▶ TASK STATEMENT
Find "Pretty little thing" below and begin at its line; stop after the line with "Upgraded HKXSC 703STU". Output those lines exactly, without pictures.
[DATA SUPPLIED Boundary: Start]
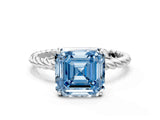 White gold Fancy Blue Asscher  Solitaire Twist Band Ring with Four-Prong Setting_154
[DATA SUPPLIED Boundary: End]
[DATA SUPPLIED Boundary: Start]
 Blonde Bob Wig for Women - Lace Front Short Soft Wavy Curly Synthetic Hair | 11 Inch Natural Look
[DATA SUPPLIED Boundary: End]
[DATA SUPPLIED Boundary: Start]
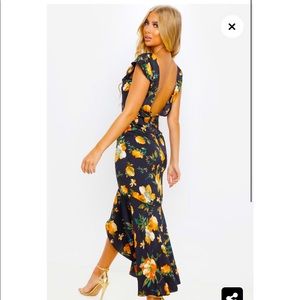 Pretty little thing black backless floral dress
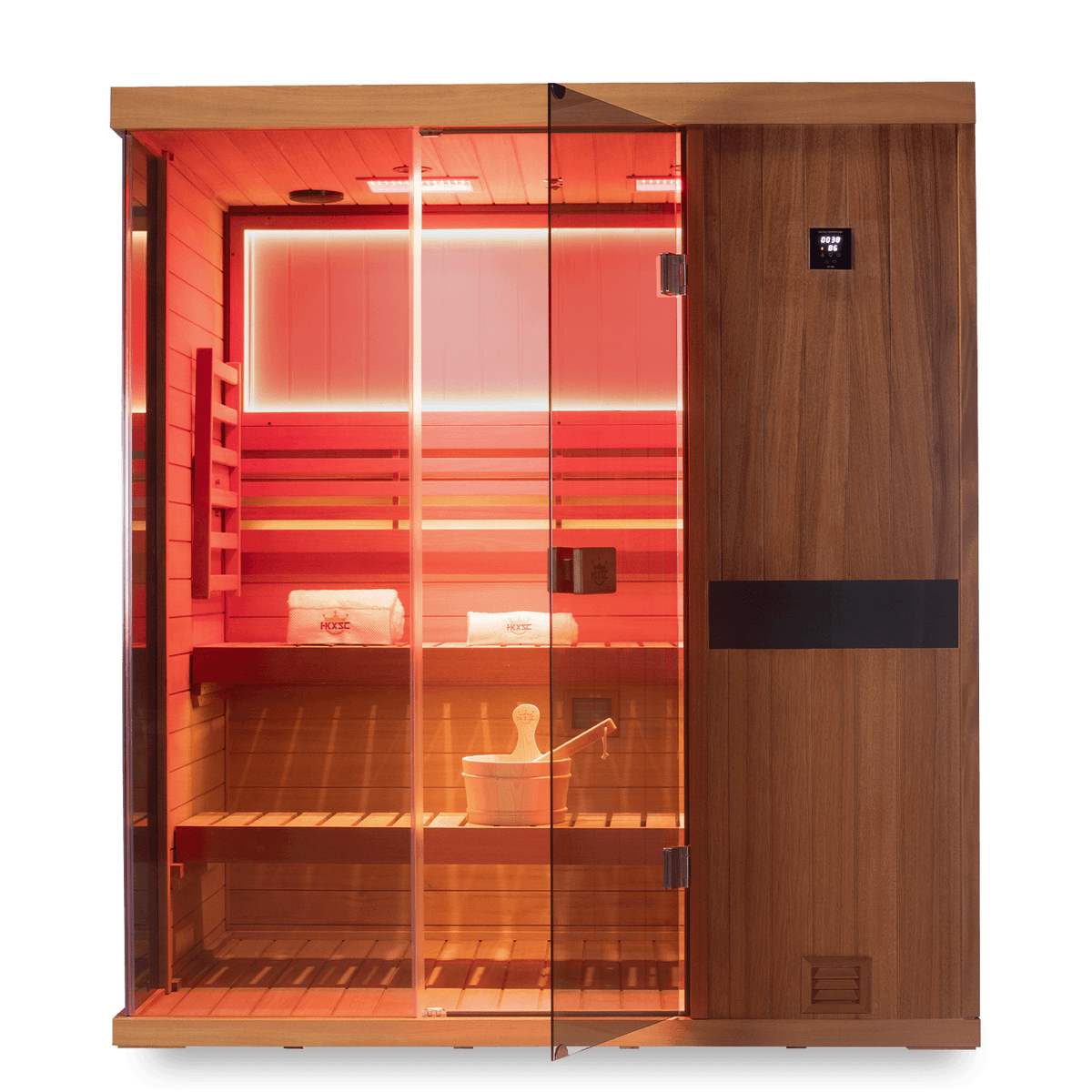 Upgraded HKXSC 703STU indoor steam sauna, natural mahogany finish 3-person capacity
[DATA SUPPLIED Boundary: End]
▶ RESPONSE FOR THIS EXERCISE
 Pretty little thing black backless floral dress
 Upgraded HKXSC 703STU indoor steam sauna, natural mahogany finish 3-person capacity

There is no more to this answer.